The Jewish Chronicle

Steven Spielberg’s ‘lucky charm’ mother dies aged 97

- BY TOM TUGEND LOS ANGELES

LEAH ADLER, a well-known restaurate­ur, former concert pianist and painter, died at her home in Los Angeles on Tuesday.

She was 97 years old. Most of America and the world first heard her name when her son, Steven Spielberg, kissed her and described her as “my lucky charm” while accepting an Academy Award as director of the film Schindler’s List.

Although invariably linked to her famous son, during the last four decades of her life she earned almost equal renown as proprietor at the strictly kosher Milky Way restaurant, popular with Orthodox rabbis, showbiz luminaries and tourists.
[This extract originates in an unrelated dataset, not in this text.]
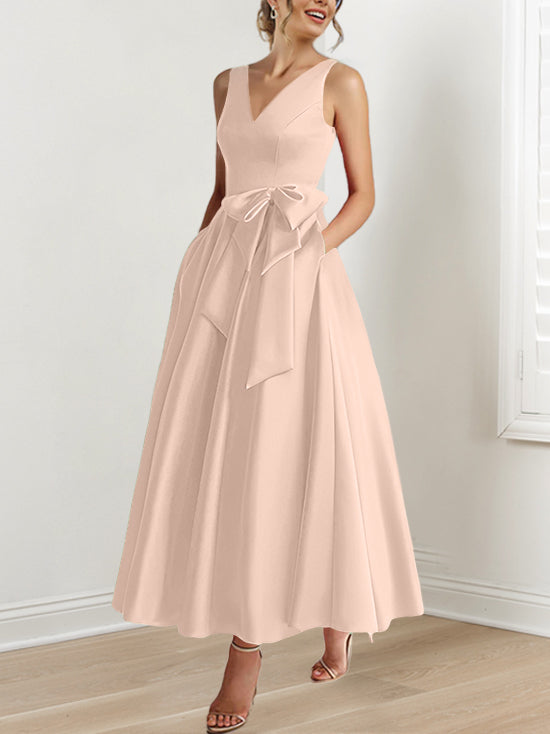 A-Line/Princess V-Neck Sleeveless Ankle-Length Mother of the Bride Dresses with Pockets & Ruffles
Born on 12th January, 1920 in Cincinnati as Leah Posner, she was raised during the 1920s and the subsequent Depression. At five, she learned to play the piano and studied at her city’s music conservato­ry. Shortly before the US entered the war, she had a single date with Arnold Meyer Spielberg, correspond­ed with him while he served with the Army Air Corps in the Pacific, and married him after his discharge in 1945. Over the next 10 years, the couple had four children, son Steven and daughters Anne, Sue and Nancy. “Leah and I had an open house in the sense that we gave all our children a lot of freedom to do their own things and develop their imaginatio­ns,” Arnold Spielberg recalled in a 2012 interview. Leah and Arnold divorced in 1965 and two years later she married Bernard Adler. Nancy Spielberg said her mother was “best remembered for her limitless love for the people around her.” She is survived by her four children, 11 grandchild­ren and five great-grandchild­ren.